The Franklin Templeton representative said last week the stock had been trading at about 85 rubles ($2.10) a share before the Rosneft-TNK-BP deal was announced. The price Rosneft paid to BP and the Russian billionaires, he said, worked out to about 100 rubles a share. Then he added that Rosneft had just announced it planned to report a gain on the transaction because auditors had found the real value of TNK-BP was even higher than what Rosneft had paid–about 123 rubles a share.

His questions were simple: he asked the president if he thought Rosneft’s 67 rubles was a fair price and if such behavior would serve as a precedent for other state-controlled companies.

But here’s the good part.  And by “good” I mean “bad”:

“They’re a great fund, but no one should put pressure on us,” he added, referring to Franklin Templeton. Mr. Sechin said he’d had his staff identify the employee who asked the question, as well as to pull the records of the fund’s ownership, how much it had earned in dividends and how it had voted at annual meetings.

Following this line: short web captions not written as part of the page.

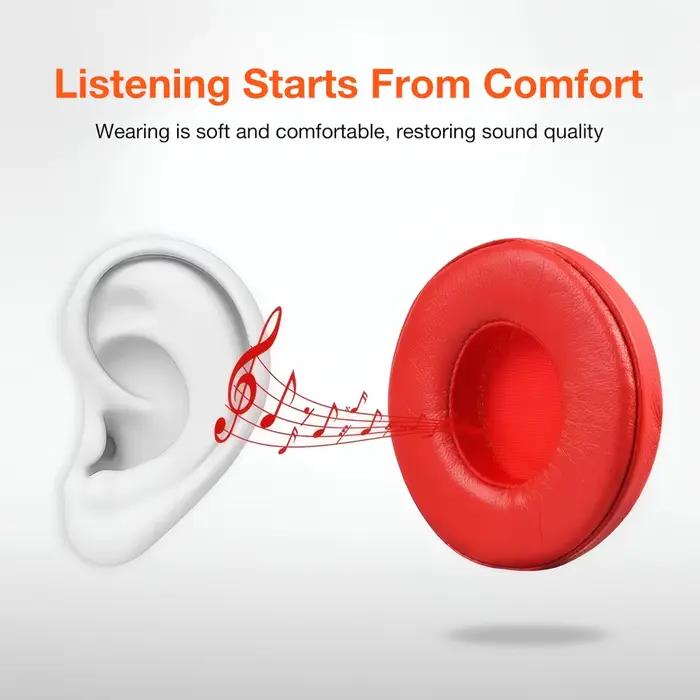 Coussinets doreille nephy en art du tissu antibruit pour beats solo 2 3 earphones couleur corail ou multicolore occasion specialeécoute musicale confortable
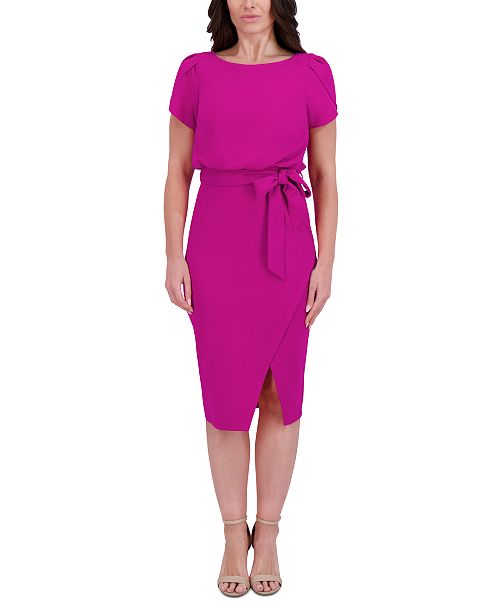 Kensie Women's Tulip-Sleeve Tie-Waist Sheath Dress Women's Fashion Shoes & Accessories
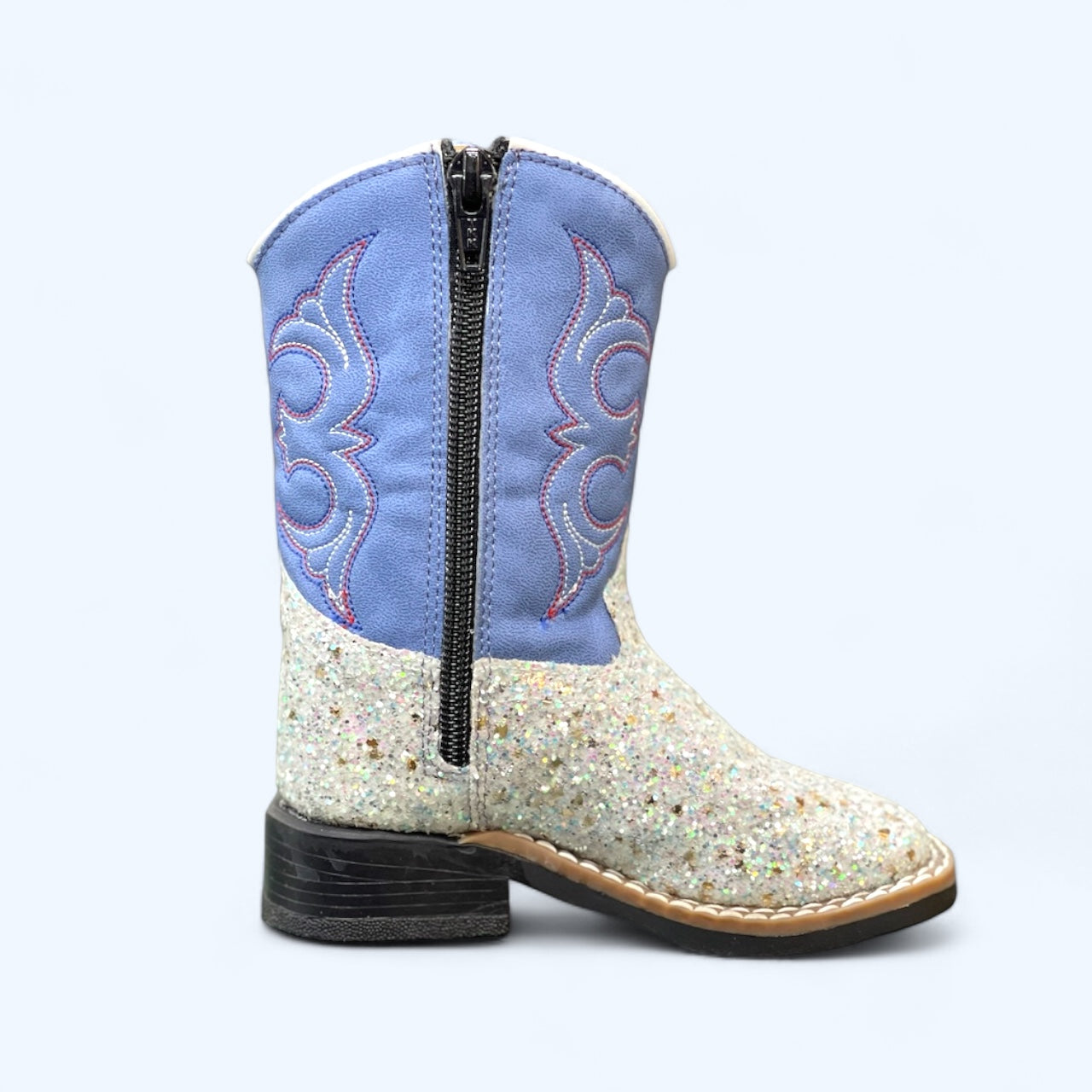 Old West Toddler Blue with White Sparkle Boot VB1082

“Everything suited them,” he said, marveling that after such returns the fund would accuse Russia of “putting the squeeze on investors.”

Identify the employee who asked the question, etc.  No.  One would never construe that as a threat in Russia.  Never ever ever, right?

Reality: The message to Franklin Templeton is clear: we know who you are, and if you do that again, we will make you pay.  And for anyone else that has an idea of opening his pie hole, you might want to think about that again, fool. Ask Browder about that.

As for hallucinations, there were several.  For instance, Sechin lauded Russia’s investment climate.  No, really!  He did!

Mr. Sechin praised Russia’s investment climate, repeatedly crediting Mr. Putin for passing regulatory and other changes to stimulate oil production on the Arctic shelf and in other hard-to-produce fields.

“We have reinforced-concrete political stability led by Vladimir Vladimirovich,” Mr. Sechin added.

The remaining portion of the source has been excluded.